Let $y_n=2x_n-1$. Then $y_n=y_{n-1}y_{n-2}, y_0=2a-1,y_1=3.$ It gives $y_2=3(2a-1), y_3=9(2a-1)$. Generally, from $y_n=y_{n-1}y_{n-2}\to y_n=y_{n-2}^2y_{n-3}$. Therefore, if $2a-1=n^2$, then $y_{3n}$ is perfect square.

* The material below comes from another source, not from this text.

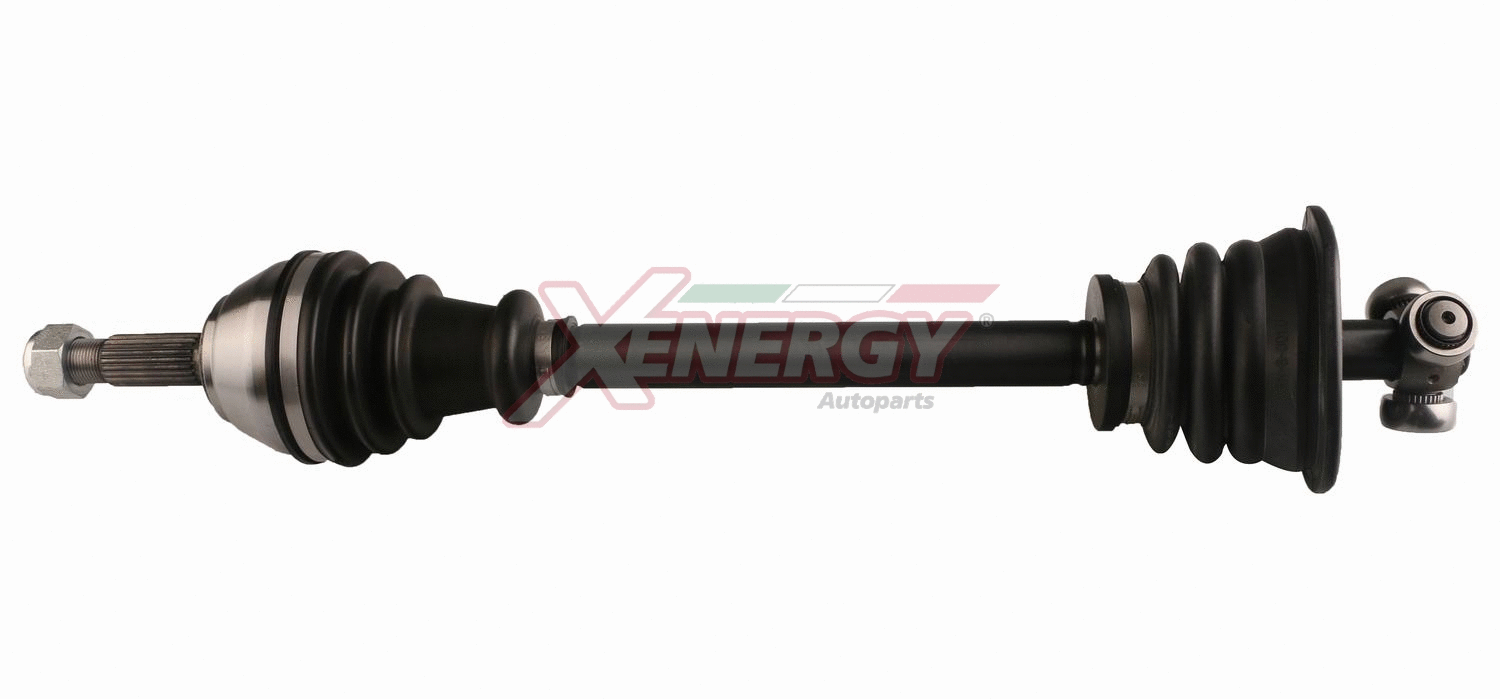 Drive Shaft (X30724)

Rust wrote: Let $y_n=2x_n-1$. Then $y_n=y_{n-1}y_{n-2}, y_0=2a-1,y_1=3.$ It gives $y_2=3(2a-1), y_3=9(2a-1)$. Generally, from $y_n=y_{n-1}y_{n-2}\to y_n=y_{n-2}^2y_{n-3}$. Therefore, if $2a-1=n^2$, then $y_{3n}$ is perfect square. Isn't this supposed to be $y_n=\frac{y_{n-1}y_{n-2}+1}{2}$ (I could be wrong) sorry to bump tho

can't we just let a be a perfect square i.e. a = A^2 and then 2a - 1 = n^2 is nothing but n^2 - 2A^2 = -1 which is the negative pell equation?

@below: Yeah, I messed up the algebra.

guptaamitu1 wrote: The answer is $\boxed{\text{NO}}$. Define $y_n = 2x_n - 1$. Then $y_0 = 2a-1, y_1 = 3$ and $$\frac{y_n+1}{2} = \frac{(y_{n-1} + 1)(y_{n-2} + 1)}{2} - \frac{y_{n-1} + 1}{2} - \frac{y_{n-2} + 1}{2} + 1 ~ \implies ~ \boxed{y_{n} = y_{n-1} y_{n-2} + 1}$$ WakeUp wrote: $x_n=2x_{n-1}x_{n-2}-x_{n-1}-x_{n-2}+1$ for all $n>1$. $2x_n=4x_{n-1}x_{n-2}-2x_{n-1}-2x_{n-2}+2$ $2x_n=(2x_{n-1}-1)(2x_{n-2}-1)+1$ $2x_n-1=(2x_{n-1}-1)(2x_{n-2}-1)$ Define $y_n=2x_n-1$ $\boxed{y_{n} = y_{n-1} y_{n-2}}$ $2x_{3n}-1=y_{3n}$ must be a square. $y_0=2a-1=b, y_1=3,y_2=3b,y_3=3^2b,y_4=3^3b^2,\cdots$ Or $y_n=3^{F_n}\cdot b^{F_n-1}\;\; \forall n>1$ where $F_n$ is Fibonacci sequence $F_{3n}$ is even for all n, but $F_{3n-1}$ is odd, so $b=2a-1$ must be a square.